Kasus Novel

Pada 14 Februari 2017, sebagai ketua Wadah Pegawai dan penyidik senior KPK Novel Baswedan mengirimkan email keberatan kepada Direktur Penyidikan KPK Brigjen Pol Aris Budiman dengan ditembuskan ke Pimpinan KPK, R Bimo Gunung Abdul Kadir, Heru Winarko, Dian Novianthi, dan Pengurus Wadah Pegawai. Email tersebut berjudul “Protes atas kebijakan Direktur Penyidikan” yang isinya

  • Protes atas Nota Dinas tanggal 8 Februari 2017 tentang permintaan rekrutmen penyidik Polri untuk posisi Kasatgas. Alasannya: tidak peduli dengan jenjang karir bagi fungsional penyidik yang ada, resiko masalah integritas ketika masuk berapa orang baru dari luar pada level senior di Direktorat Penyidikan KPK.
  • Novel Baswedan khawatir Dirdik KPK Aris Budiman mencatatkan diri sebagai Dirdik terburuk sepanjang sejarah KPK karena selama ini tidak terlihat memberikan masukan teknis pada proses penyidikan, tidak pula terlihat memiliki pola manajerial yang baik, dan terlebih lagi terlihat tidak berintegritas.

Atas isi email tersebut, Dirdik KPK Aris Budiman merasa sangat dilecehkan oleh penyidik KPK Novel Baswedan. Aris Budiman tidak terima dikatakan tidak mempunyai integritas sebagai Dirdik KPK dan tudingan Novel bahwa dirinya adalah Dirdik KPK terburuk sepanjang sejarah KPK.

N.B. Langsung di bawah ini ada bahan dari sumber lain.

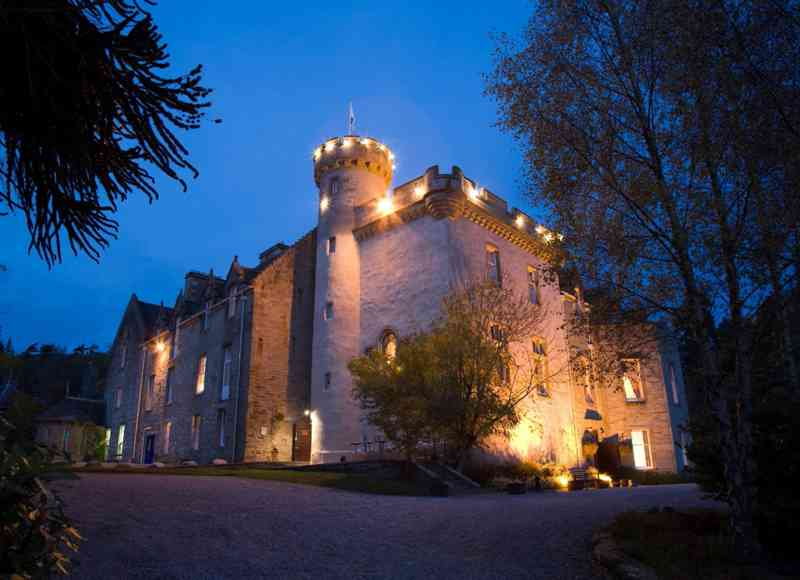 Tulloch Castle - Tulloch Castle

Atas dasar itu, dia melaporkan Novel ke polisi atas tuduhan telah melakukan penghinaan dan pencemaran nama baik seperti tertuang dalam Laporan Polisi Nomor: LP/3937/VIII/2017/PMJ/Dit Reskrimsus tanggal 21 Agustus 2017. Pasal yang dituduhkan adalah Pasal 27 ayat (3) jo Pasal 45 ayat (3) UU RI No. 19 Tahun 2016 tentang perubahan atas UU RI No. 11 Tahun 2008 tentang ITE.

Pada 28 Agustus 2017, Kepolisian menerbitkan Surat Pemberitahuan Dimulainya Penyidikan (SPDP) terhadap kasus Novel Baswedan.

Pada 5 September 2017, Wakil Direktur Tindak Pidana Korupsi Badan Reserse Kriminal Polri, Kombes Erwanto Kurniadi, melaporkan Novel atas pencemaran nama baik penyidik kepolisian. Aris Budiman juga membuat laporan lagi terhadap Novel dengan No LP/4220/IX/2017/PMJ/Dit Reskrimsus itu terkait pemberitaan di majalah TEMPO yang berjudul “Penyusup dalam Selimut”.